The recently released accident report on Air Asia Flight 8501 reveals that weather was not a factor. But several disturbing factors were, involving both the flight crews and the maintenance department. What happened here could happen anywhere. And it could happen again. The lessons to be learned from this accident are many, and just because this involved an airline in Asia doesn’t mean the lessons don’t apply to U.S. airlines. Or corporate flight departments. Or even individual GA pilots and mechanics. 

Repeated Problem and Improper Response

Twenty-five minutes into the flight–at 2300 UTC–the A320 was cruising at 32,000 feet when the crew got their first amber warning light on the electronic centralized aircraft monitoring (Ecam): auto flt rud trv lim 1, indicating a problem with the rudder travel limiter. This automated system prevents the pilots or autopilot system from moving the rudder too far at high speed, which could result in the rudder and vertical fin separating from the aircraft. 

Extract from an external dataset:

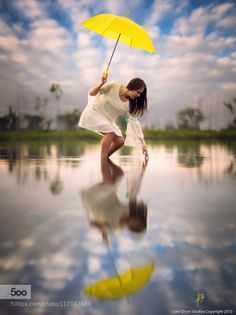 Self Reflection by JakeOlsonStudios Umbrella Photoshoot, Rainy Photoshoot, Umbrella Photography, Umbrella Photo, Amazing Wedding Photography, Creative Portrait Photography, Self Reflection, Trik Fotografi, Rain Photography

Thereafter, the accident report indicates the following sequence of events related to the rudder travel limiter system based on the flight data recorder (FDR):

  • At 2301 UTC, the FDR recorded failure on both rudder travel limiter units and triggered a chime and master caution light. The Ecam message showed auto flt rud trv lim sys (auto flight rudder travel limiter system). The PIC read and performed the Ecam action of auto flt rud trv lim sys to set flight augmentation computer (FAC) 1 and 2 push buttons on the overhead panel to off then to on one by one. Both rudder travel limiter units returned to function normally.
  • At 2309 UTC, the FDR recorded the second failure on both rudder travel limiter units and triggered a chime and master caution light. The pilots repeated the Ecam action and again both rudder travel limiter units returned to function normally.
  • At 2313:41 UTC, the single chime sounded and the amber Ecam message auto flt rud trv lim sys was displayed. This was the third failure on both rudder travel limiter units on this flight. The pilots performed the Ecam actions and the system returned to function normally.
  •  At 2315:36 UTC, the fourth failure on both rudder travel limiter units triggered Ecam message auto flt rud trv lim sys, chime and master caution light.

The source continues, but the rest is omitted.